Some friends recently joined my wife and I for a boondocking outing in Western Washington. We staked out a nice open grassy area with room for the dogs to run and play having the whole area to ourselves. The next day we went on a hike to a nearby waterfall which lasted several hours.
As we walked back towards our RVs after our excursion we were surprised to see other vehicles in the clearing where we were camped. As we progressed closer we realized it was more than a few vehicles it was scores of vehicles, including other RVs, ATVs, trailers and command vehicles along with a small tent village that had appeared several hundred feet from our campsite. It was a beehive of activity with people scurrying about, vehicles moving and most disconcerning, generators running! Most boondockers would think to themselves, “there goes the neighborhood”. But, being a search and rescue member, I quickly realized the onslaught of new neighbors for what it was.

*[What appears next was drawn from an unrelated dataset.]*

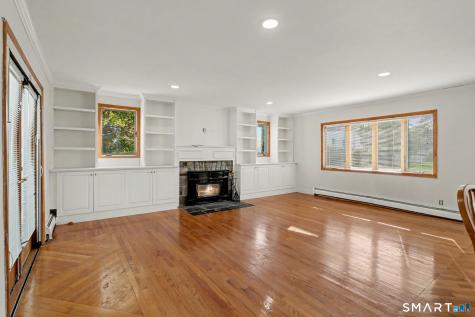 180 Nichols Terrace Stratford CT 06614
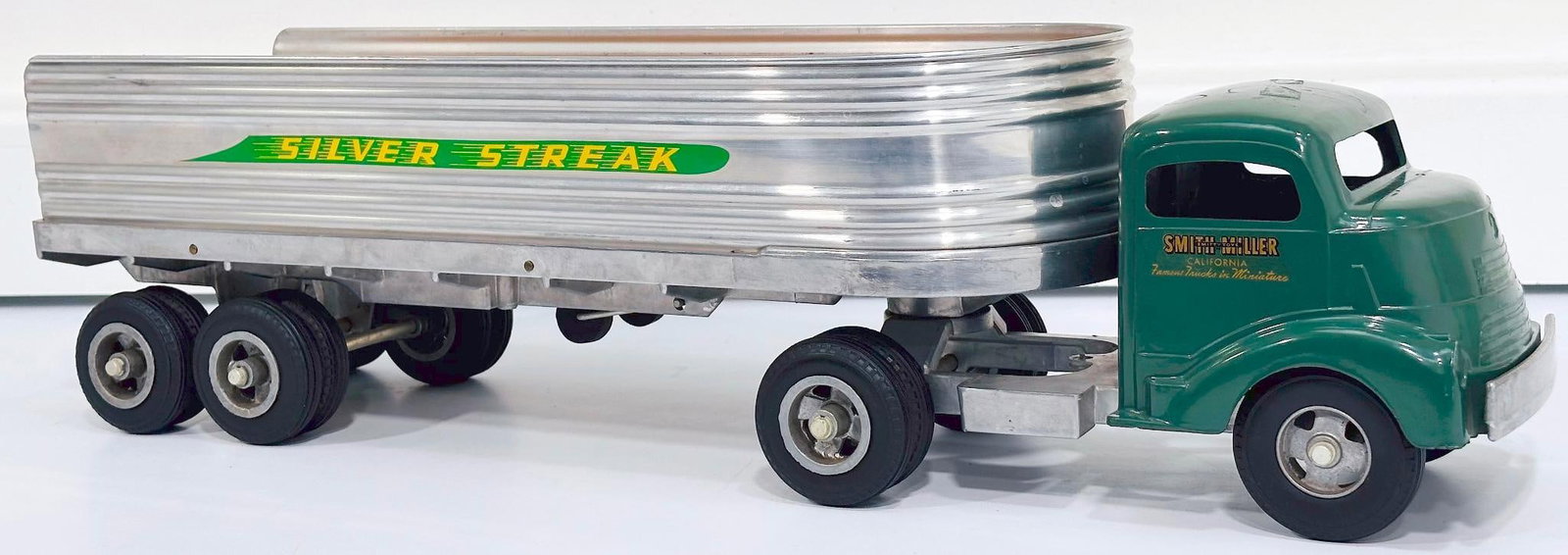 Smith - Miller Postwar Silver Streak Truck and Trailer (1 of 7)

A full scale search and rescue operation was gearing up. Walking by one of their members on the way back to our camp I inquired about their mission learning it was just a training exercise and no one was lost or injured. From experience, I knew a training mission would wind down in the evening with generators being shut down and members getting some sleep to resume training the next morning. They ended up being very quiet neighbors and enjoyed our dogs stopping by for a visit or two.
Being over run in the boondocks by local search and rescue, just another adventure in RVing!